Saved entries:
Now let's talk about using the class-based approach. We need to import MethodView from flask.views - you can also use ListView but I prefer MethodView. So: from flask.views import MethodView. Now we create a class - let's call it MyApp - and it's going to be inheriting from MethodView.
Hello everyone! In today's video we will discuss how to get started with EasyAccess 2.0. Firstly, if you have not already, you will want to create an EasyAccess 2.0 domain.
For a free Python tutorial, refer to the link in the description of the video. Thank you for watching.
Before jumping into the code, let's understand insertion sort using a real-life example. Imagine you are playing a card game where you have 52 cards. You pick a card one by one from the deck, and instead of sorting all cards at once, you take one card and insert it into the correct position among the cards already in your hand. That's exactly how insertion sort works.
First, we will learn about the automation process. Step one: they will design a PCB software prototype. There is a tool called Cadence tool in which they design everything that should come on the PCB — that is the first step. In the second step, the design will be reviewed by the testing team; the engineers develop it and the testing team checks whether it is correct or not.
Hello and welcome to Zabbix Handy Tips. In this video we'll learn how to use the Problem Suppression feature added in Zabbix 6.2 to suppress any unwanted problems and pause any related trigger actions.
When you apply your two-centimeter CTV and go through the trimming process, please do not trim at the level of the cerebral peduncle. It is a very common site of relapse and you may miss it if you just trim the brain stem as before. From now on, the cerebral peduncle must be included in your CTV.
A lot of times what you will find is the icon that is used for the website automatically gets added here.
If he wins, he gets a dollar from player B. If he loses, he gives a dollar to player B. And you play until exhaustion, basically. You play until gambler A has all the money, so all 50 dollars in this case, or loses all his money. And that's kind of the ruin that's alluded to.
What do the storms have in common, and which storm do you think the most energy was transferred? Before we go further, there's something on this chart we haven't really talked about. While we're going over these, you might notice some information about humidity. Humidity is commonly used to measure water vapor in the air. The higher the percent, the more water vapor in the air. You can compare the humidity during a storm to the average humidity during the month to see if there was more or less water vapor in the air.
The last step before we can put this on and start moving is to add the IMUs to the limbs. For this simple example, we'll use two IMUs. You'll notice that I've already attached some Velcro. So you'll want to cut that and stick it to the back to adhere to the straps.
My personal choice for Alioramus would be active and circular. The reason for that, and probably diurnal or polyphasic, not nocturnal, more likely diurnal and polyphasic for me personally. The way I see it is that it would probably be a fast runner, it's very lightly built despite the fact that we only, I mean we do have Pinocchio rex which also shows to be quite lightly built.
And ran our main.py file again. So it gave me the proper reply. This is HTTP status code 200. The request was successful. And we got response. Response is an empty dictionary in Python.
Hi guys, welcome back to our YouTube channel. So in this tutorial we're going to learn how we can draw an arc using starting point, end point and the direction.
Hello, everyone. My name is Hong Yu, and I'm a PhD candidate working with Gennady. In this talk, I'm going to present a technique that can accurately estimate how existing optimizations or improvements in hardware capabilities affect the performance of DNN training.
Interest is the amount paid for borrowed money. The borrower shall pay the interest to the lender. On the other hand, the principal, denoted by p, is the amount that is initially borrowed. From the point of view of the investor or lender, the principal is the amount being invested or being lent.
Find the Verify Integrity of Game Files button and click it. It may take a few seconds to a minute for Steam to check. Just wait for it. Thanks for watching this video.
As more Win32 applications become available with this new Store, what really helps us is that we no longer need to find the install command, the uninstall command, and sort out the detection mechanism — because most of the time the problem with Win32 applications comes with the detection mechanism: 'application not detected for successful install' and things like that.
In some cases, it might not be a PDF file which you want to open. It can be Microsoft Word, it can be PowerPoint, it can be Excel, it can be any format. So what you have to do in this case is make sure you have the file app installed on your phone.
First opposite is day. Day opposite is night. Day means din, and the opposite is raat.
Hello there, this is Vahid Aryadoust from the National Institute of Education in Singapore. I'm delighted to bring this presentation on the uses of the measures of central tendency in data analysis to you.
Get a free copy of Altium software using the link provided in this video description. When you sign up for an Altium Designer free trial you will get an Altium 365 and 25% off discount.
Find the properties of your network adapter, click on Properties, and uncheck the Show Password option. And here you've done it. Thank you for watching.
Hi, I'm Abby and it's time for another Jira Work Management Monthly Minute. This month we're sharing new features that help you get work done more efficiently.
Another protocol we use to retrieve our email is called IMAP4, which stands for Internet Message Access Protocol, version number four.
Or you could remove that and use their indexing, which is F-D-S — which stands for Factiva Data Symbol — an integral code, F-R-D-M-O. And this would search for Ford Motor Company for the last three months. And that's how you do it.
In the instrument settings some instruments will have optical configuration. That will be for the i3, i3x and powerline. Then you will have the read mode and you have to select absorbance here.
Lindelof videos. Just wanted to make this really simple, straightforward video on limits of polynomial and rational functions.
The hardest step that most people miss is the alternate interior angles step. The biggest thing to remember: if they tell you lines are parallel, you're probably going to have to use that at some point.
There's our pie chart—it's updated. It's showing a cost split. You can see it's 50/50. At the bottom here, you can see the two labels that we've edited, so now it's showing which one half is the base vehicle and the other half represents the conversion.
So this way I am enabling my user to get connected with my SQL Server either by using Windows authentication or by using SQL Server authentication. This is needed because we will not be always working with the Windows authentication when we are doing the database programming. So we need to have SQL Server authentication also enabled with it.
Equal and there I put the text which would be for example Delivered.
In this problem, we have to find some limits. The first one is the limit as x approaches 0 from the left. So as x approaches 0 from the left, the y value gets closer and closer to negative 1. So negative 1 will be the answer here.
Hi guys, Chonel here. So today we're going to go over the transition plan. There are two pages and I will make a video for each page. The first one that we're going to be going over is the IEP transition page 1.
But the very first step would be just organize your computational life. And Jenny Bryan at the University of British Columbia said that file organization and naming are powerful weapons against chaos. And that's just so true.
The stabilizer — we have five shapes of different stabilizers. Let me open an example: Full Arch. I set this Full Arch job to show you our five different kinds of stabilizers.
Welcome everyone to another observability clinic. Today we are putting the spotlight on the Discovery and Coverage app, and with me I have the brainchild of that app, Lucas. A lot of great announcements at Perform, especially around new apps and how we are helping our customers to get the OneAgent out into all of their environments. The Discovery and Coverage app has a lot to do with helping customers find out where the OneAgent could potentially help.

Assigned task: What is needed is every line from the data above that includes the string "done", copied out.

Answer below:
Find the properties of your network adapter, click on Properties, and uncheck the Show Password option. And here you've done it. Thank you for watching.
Hi, I'm Abby and it's time for another Jira Work Management Monthly Minute. This month we're sharing new features that help you get work done more efficiently.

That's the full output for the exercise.